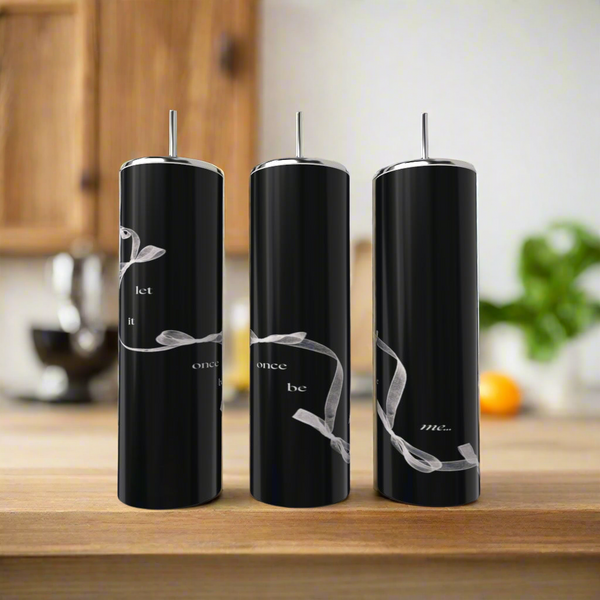Three Taylor Swift | Let It Once Be Me 20oz tumblers by Kreative Kreationz, each eco-friendly and featuring white script with a silver ribbon, sit on a wooden counter with metal straws against a blurred kitchen backdrop.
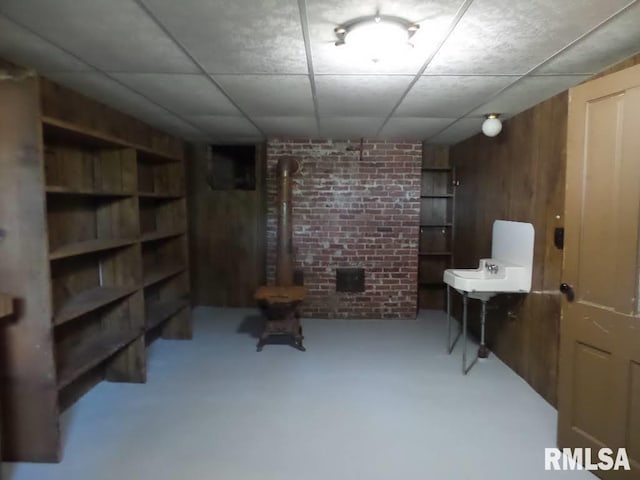 basement featuring wood walls and a drop ceiling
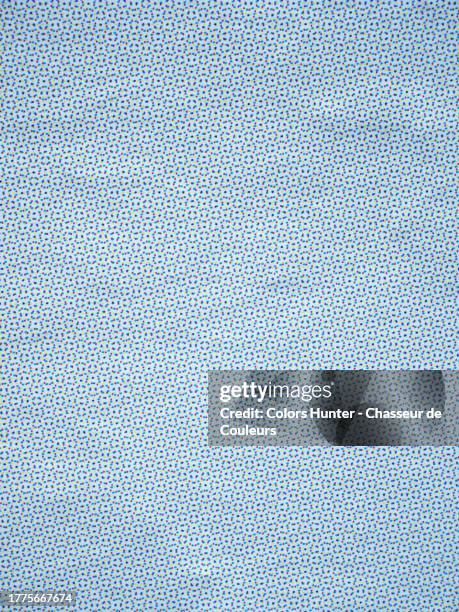 very close-up of a light blue poster printed using the offset technique in paris, france - print foto e immagini stock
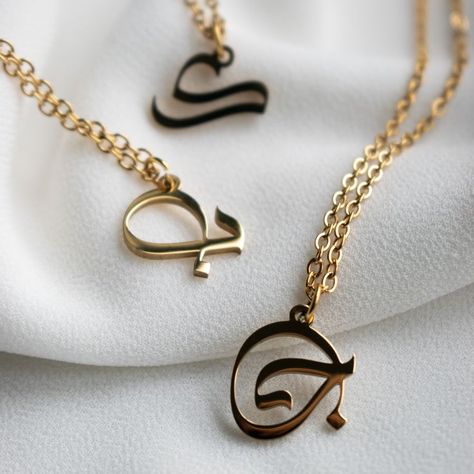 Beautiful, unique design, Arabic Islamic Calligraphy-Style Letters necklace pendant. Only a selection of initials are available at the moment! Listed below: Alif (ا), Baa (ب), Jeem (ج) , 'Ain (ع), Kaaf (ك) , Meem (م), Haa (ه) #arabic #pendant #letters #necklace #jewellery #goldplated18k #elhadiuk Necklace Name Design, Letters Necklace, Diy Leather Bracelet, Islamic Jewelry, Engagement Rings Couple, Letter Jewelry, Fancy Jewellery Designs, Jewelry Photoshoot, Metal Clay Jewelry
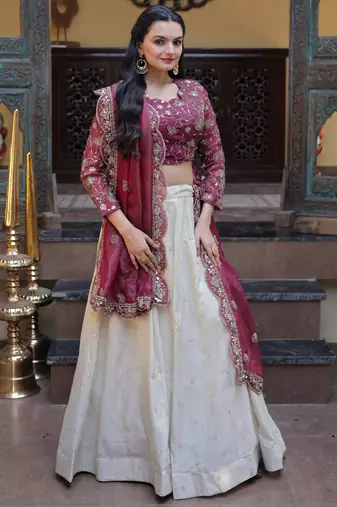 off white silk engagement lehenga with zari sequins work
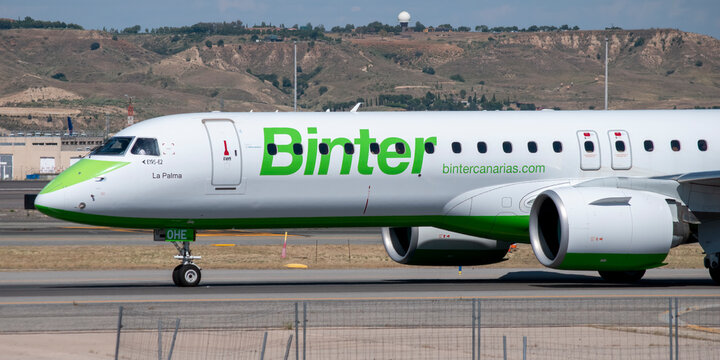 Avi&oacute;n comercial de la aerol&iacute;nea Binter Canarias realizando maniobras de rodaje en la pista del aeropuerto de Madrid con monta&ntilde;as al fondo.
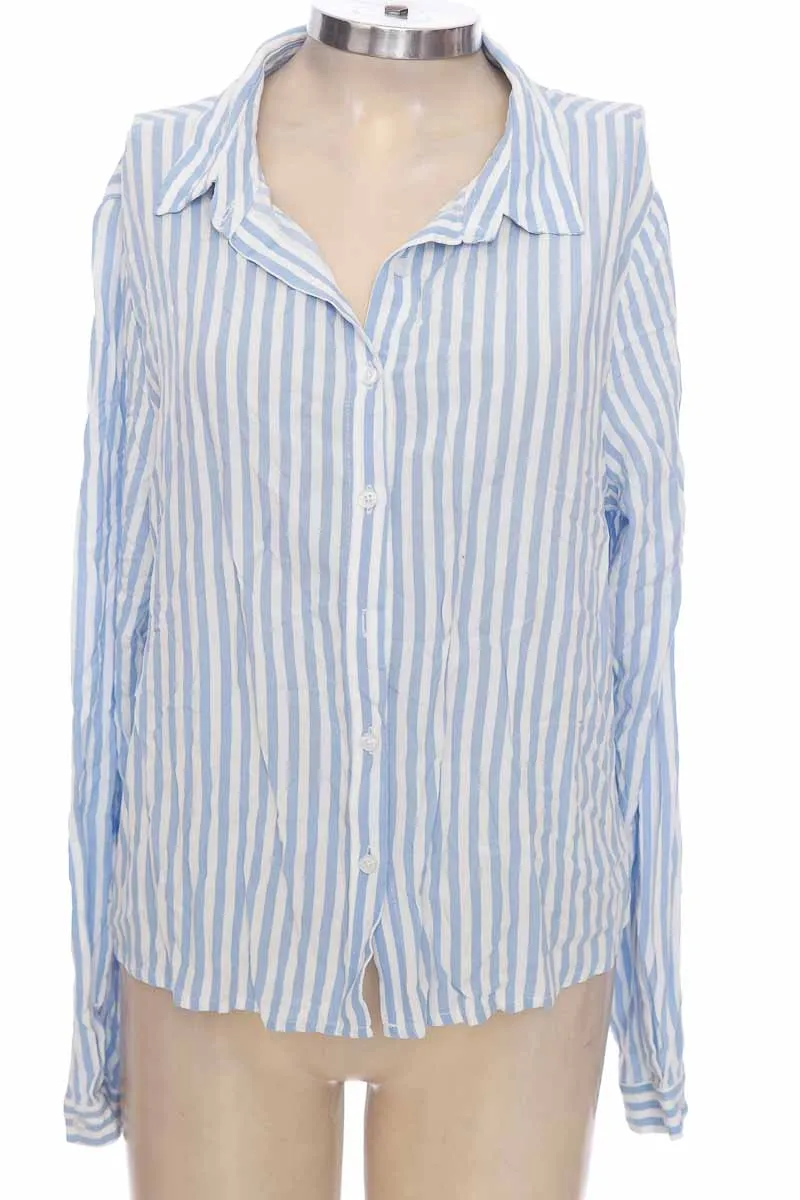 BLUSA COLOR AZUL  SYBILLA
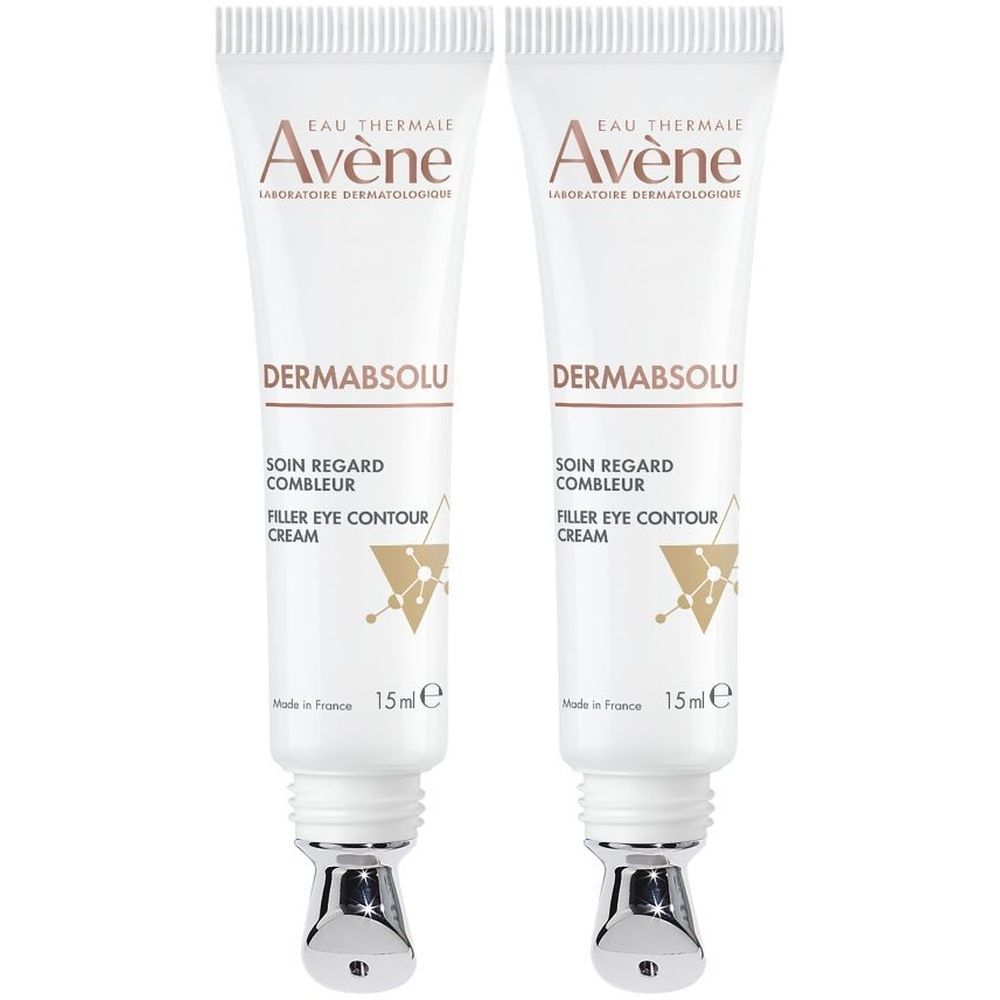 Deux tubes de crème pour les yeux Avène Dermabsolu. Blancs, avec texte et logo. 15ml. Fabriqué en France.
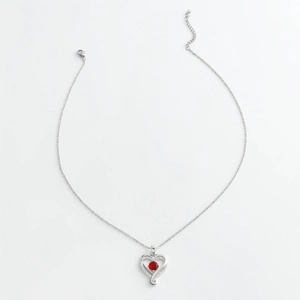 Silver heart pendant necklace with red zircon center stone on white background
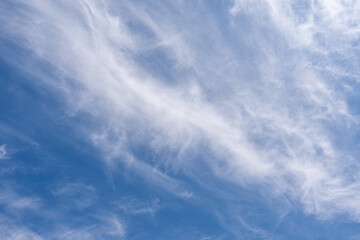 Blue sky with windy clouds. Natural background photo texture taken on sunny day. Cirrus type of clouds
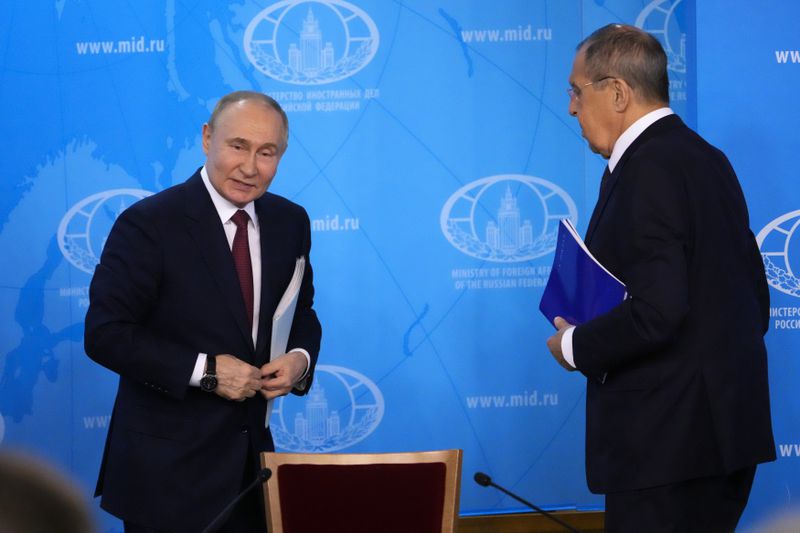 Russian President Vladimir Putin, left, and Russian Foreign Minister Sergey Lavrov leave a meeting at the Russian Foreign Ministry in Moscow, Russia, Friday, June 14, 2024. (AP Photo/Alexander Zemlianichenko)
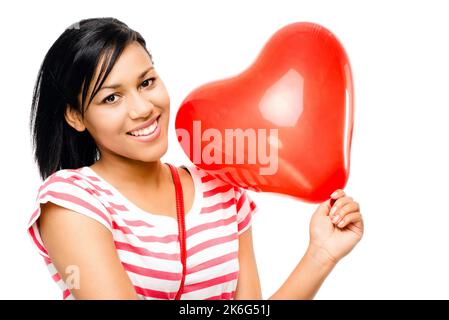 Sie hält dein Herz in ihrer Hand. Eine glückliche junge afrikanische Frau, die einen herzförmigen Ballon vor einem Studiohintergrund hält. Stockfoto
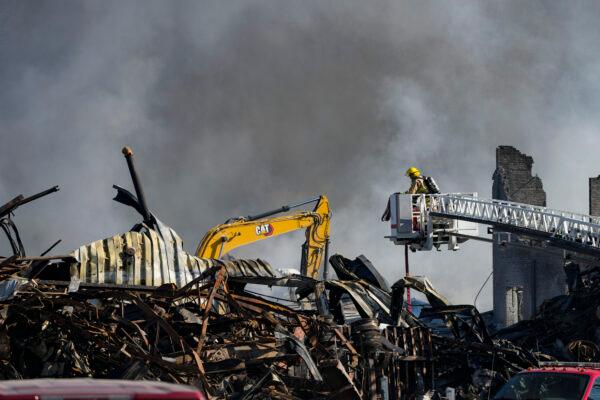 Firefighters pour water on an industrial fire in Richmond, Ind., on April 13, 2023. (Michael Conroy/AP Photo)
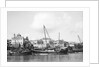 Booms anchored along the waterfront at Mombasa, Kenya by Alan Villiers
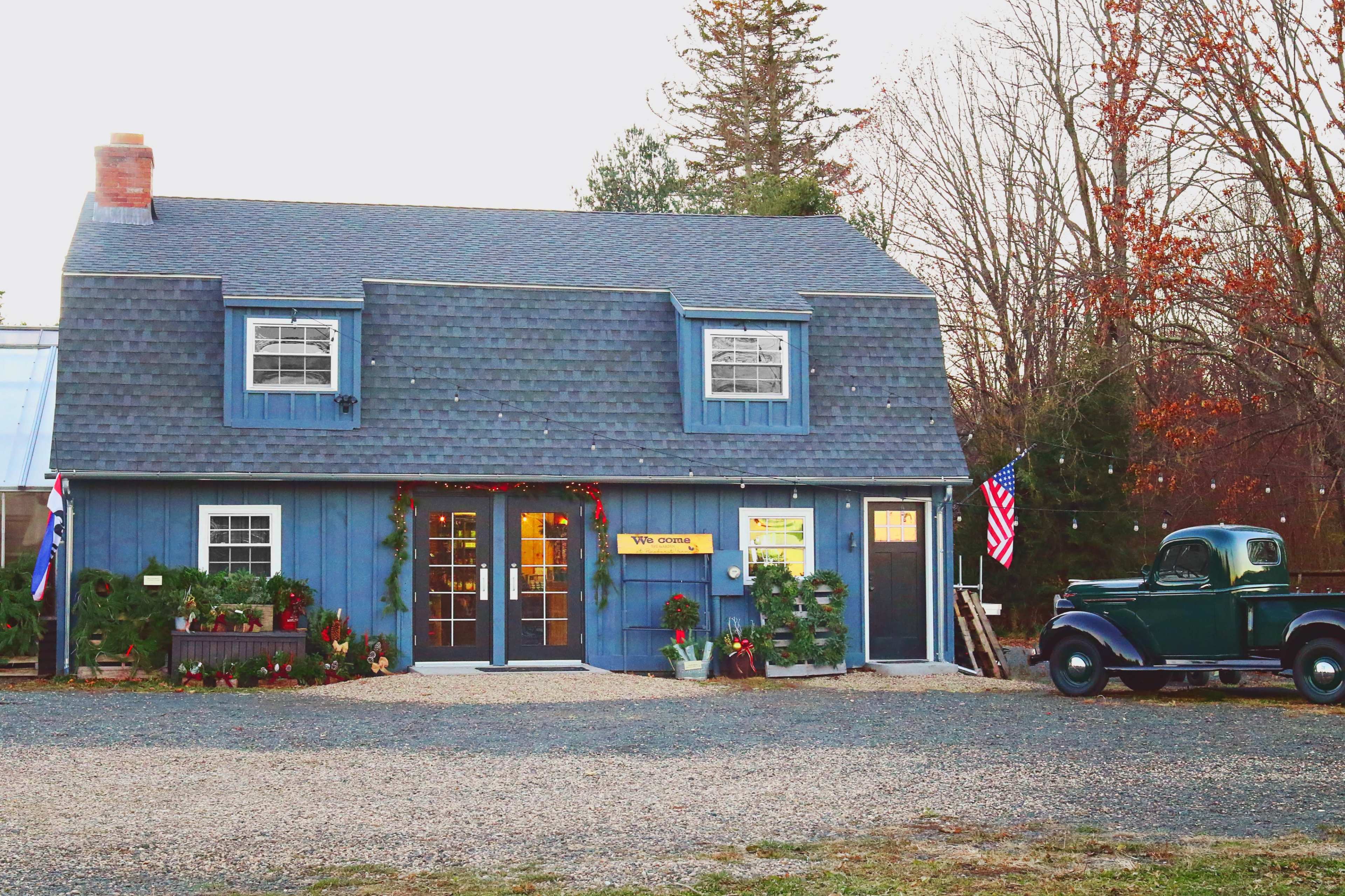 A blue two-story building with a sloped roof displays holiday decorations, while an old green truck is parked nearby on a gravel driveway.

◇ ◇ ◇ ◇

**Your goal**.
While leaving pictures out, reproduce exactly the lines from the beginning of the listing above through the line containing "off white silk", both ends included.

**Reply to the exercise**.
Three Taylor Swift | Let It Once Be Me 20oz tumblers by Kreative Kreationz, each eco-friendly and featuring white script with a silver ribbon, sit on a wooden counter with metal straws against a blurred kitchen backdrop.
 basement featuring wood walls and a drop ceiling
 very close-up of a light blue poster printed using the offset technique in paris, france - print foto e immagini stock
 Beautiful, unique design, Arabic Islamic Calligraphy-Style Letters necklace pendant. Only a selection of initials are available at the moment! Listed below: Alif (ا), Baa (ب), Jeem (ج) , 'Ain (ع), Kaaf (ك) , Meem (م), Haa (ه) #arabic #pendant #letters #necklace #jewellery #goldplated18k #elhadiuk Necklace Name Design, Letters Necklace, Diy Leather Bracelet, Islamic Jewelry, Engagement Rings Couple, Letter Jewelry, Fancy Jewellery Designs, Jewelry Photoshoot, Metal Clay Jewelry
 off white silk engagement lehenga with zari sequins work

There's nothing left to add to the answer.